Omit all pictures, then retype exactly the lines from the one that contains "Extrema Ratio Neck Knife N.K.3 K" through the end of the listing.
(Beginning of THE INPUT)
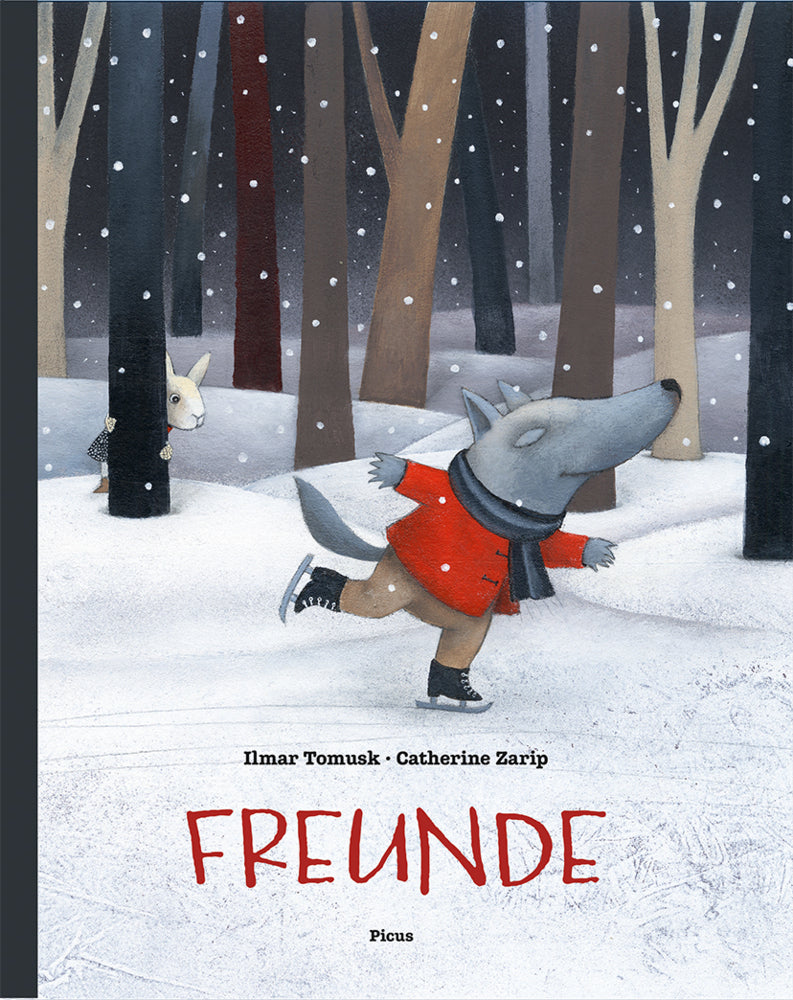 Freunde (Ilmar Tomusk)
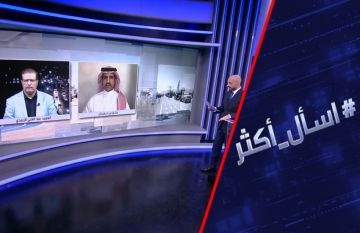 الردع السعودي.. خيار لصد هجمات الحوثيين الردع السعودي.. خيار لصد هجمات الحوثيين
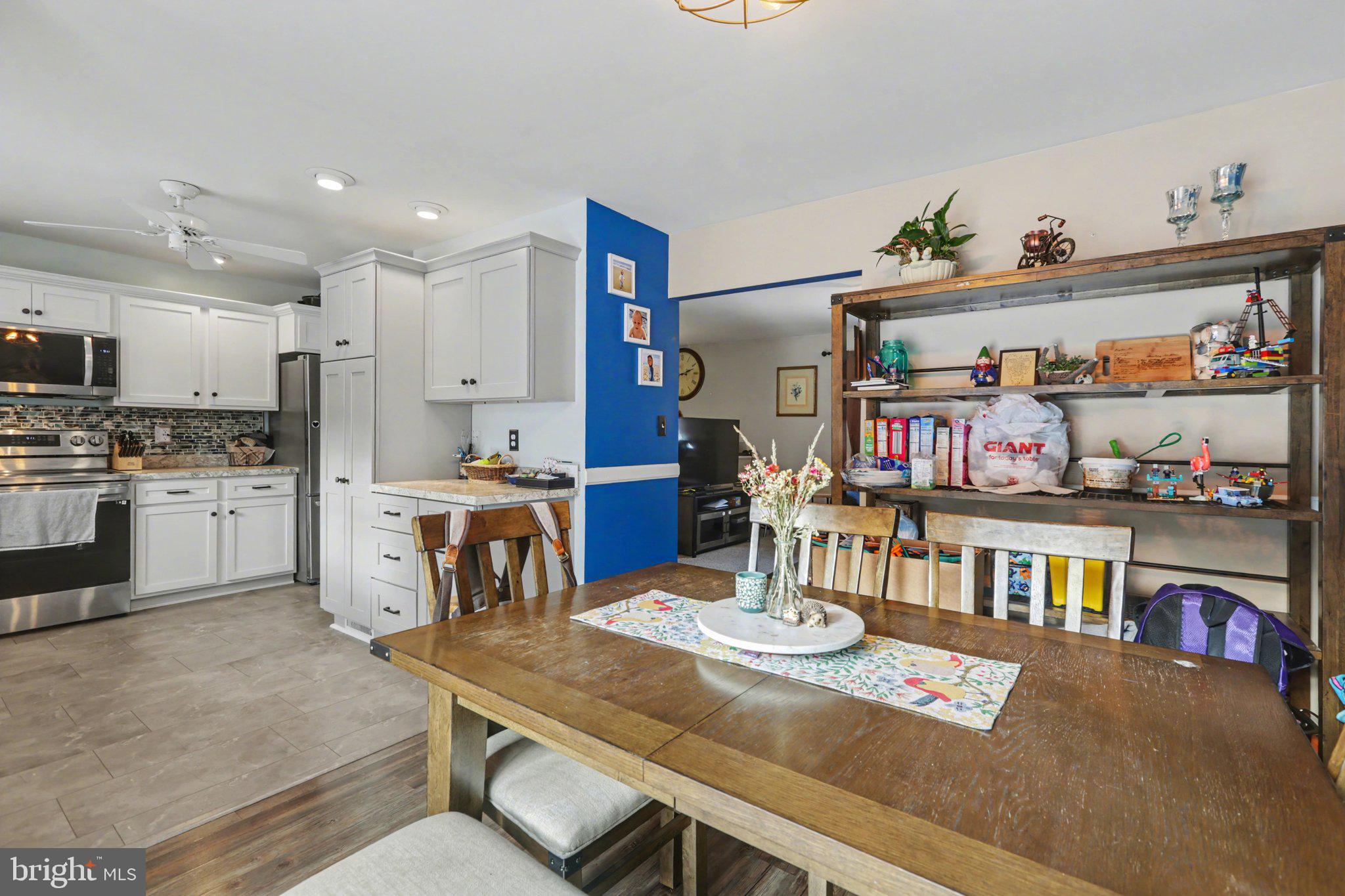 MEMFORD ESTATES - Residential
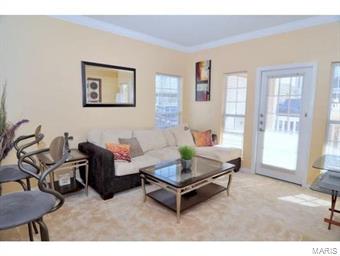 Boulders At Katy Trail Condo - Residential Lease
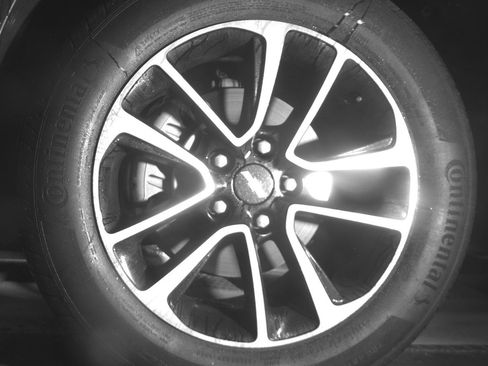 Used 2025 Chevrolet TrailBlazer LT image 12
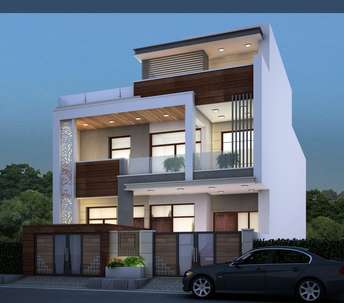 2 BHK Villa For Resale in Electronic City Bangalore 6582917
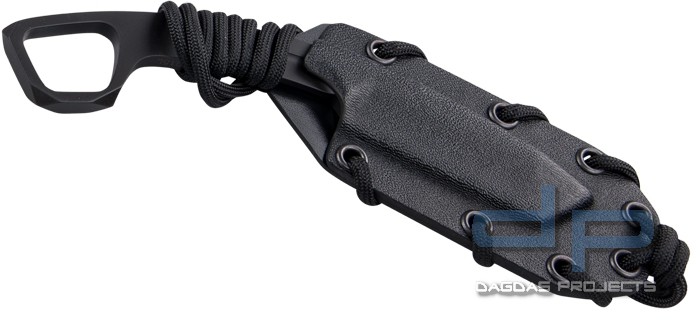 Extrema Ratio Neck Knife N.K.3 K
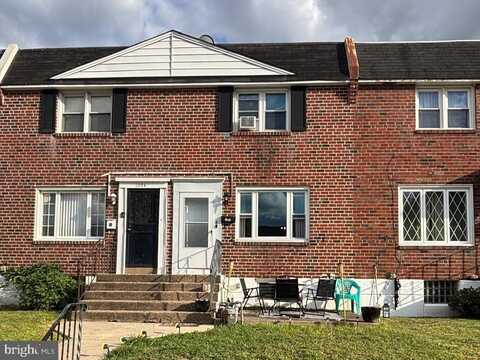 1096 N ACADEMY AVENUE, GLENOLDEN, PA 19036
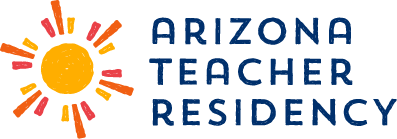 Arizona Teacher Residency logo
(End of THE INPUT)
TASK RESPONSE:
 Extrema Ratio Neck Knife N.K.3 K
 1096 N ACADEMY AVENUE, GLENOLDEN, PA 19036
 Arizona Teacher Residency logo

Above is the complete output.